EXERCISE: In the copy, include every entry exactly but none of the pictures.

MATERIAL PROVIDED:
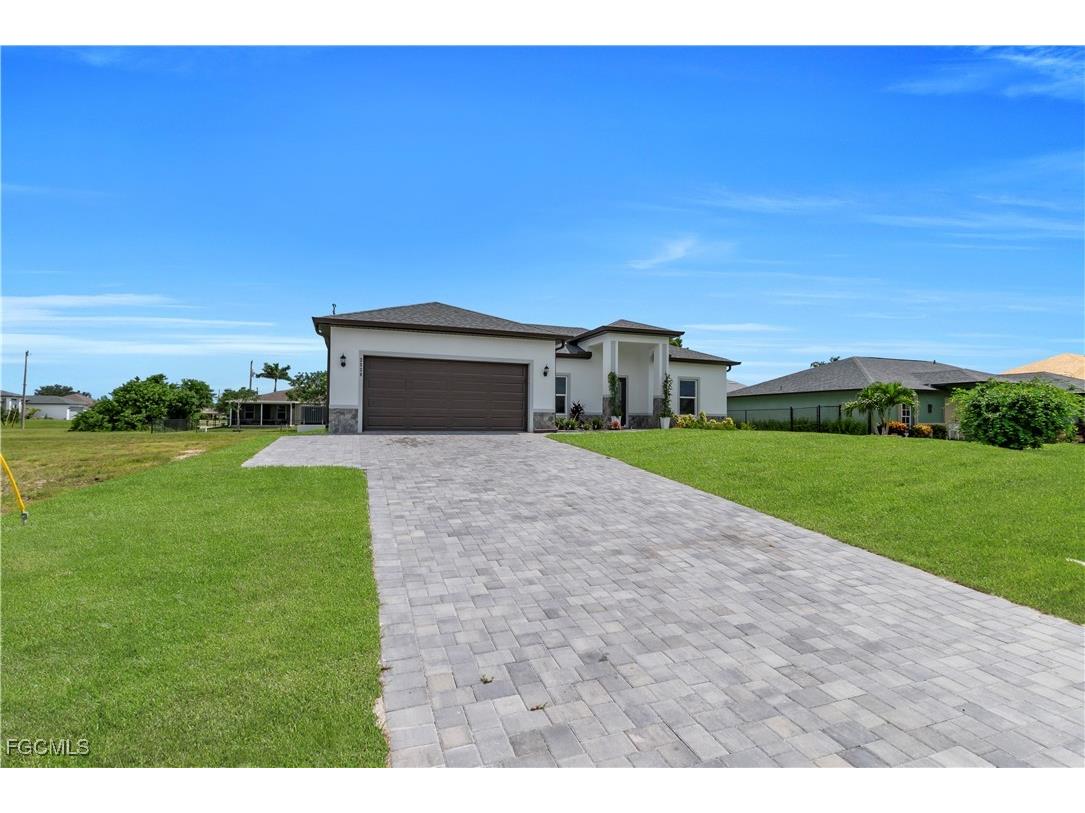 2520 Diplomat Parkway W Cape Coral FL 33993 2025003219 image4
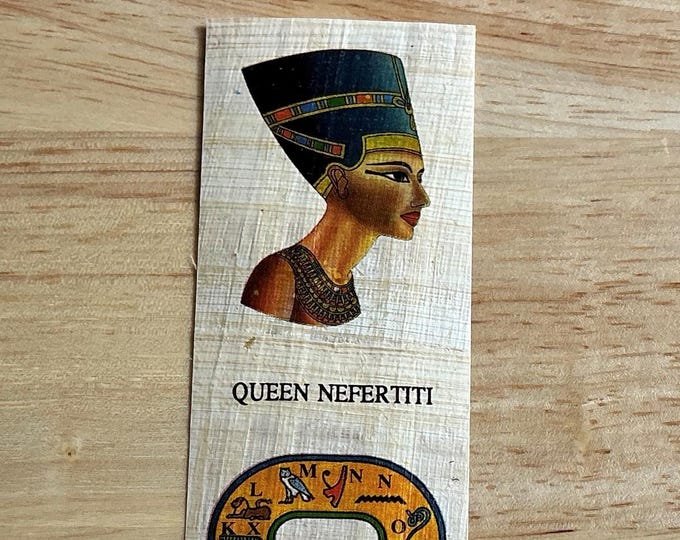 Nefertiti — Beauty of the Nile Papyrus Bookmark • Royal Elegance & Ancient Symbols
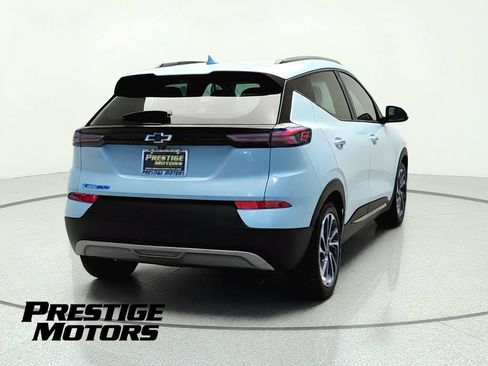 Used 2023 Chevrolet Bolt EUV Premier w/ Sun & Sound Package FWD image 7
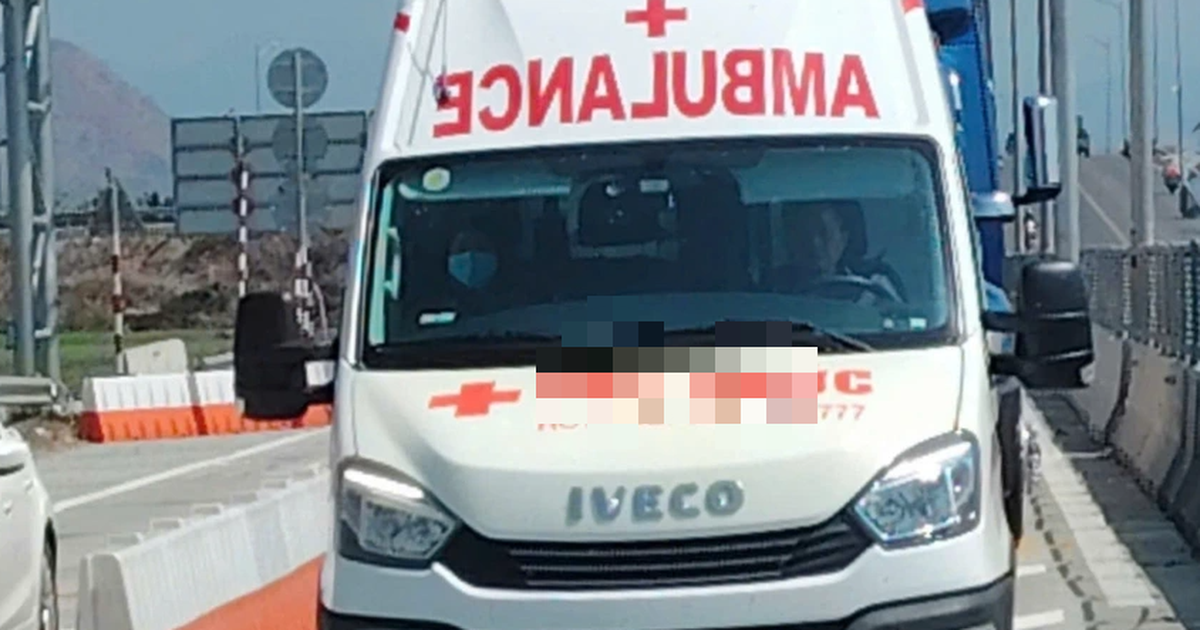 Xử phạt xe cứu thương "lụi" trên cao tốc Vĩnh Hảo - Phan Thiết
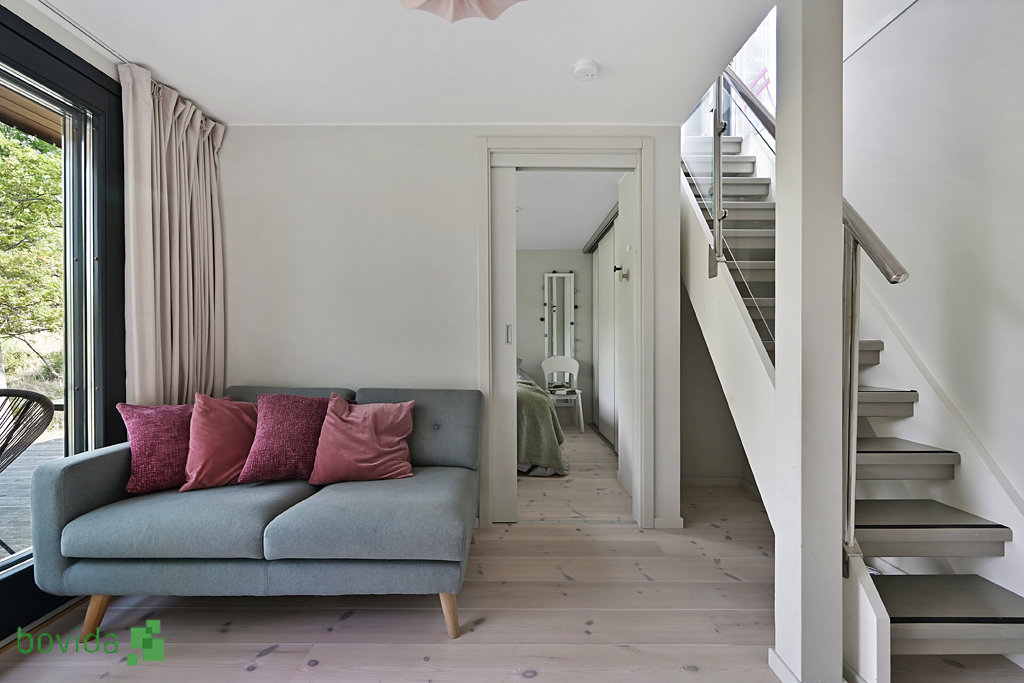 salon avec escalier design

YOUR SOLUTION:
 2520 Diplomat Parkway W Cape Coral FL 33993 2025003219 image4
 Nefertiti — Beauty of the Nile Papyrus Bookmark • Royal Elegance & Ancient Symbols
 Used 2023 Chevrolet Bolt EUV Premier w/ Sun & Sound Package FWD image 7
 Xử phạt xe cứu thương "lụi" trên cao tốc Vĩnh Hảo - Phan Thiết
 salon avec escalier design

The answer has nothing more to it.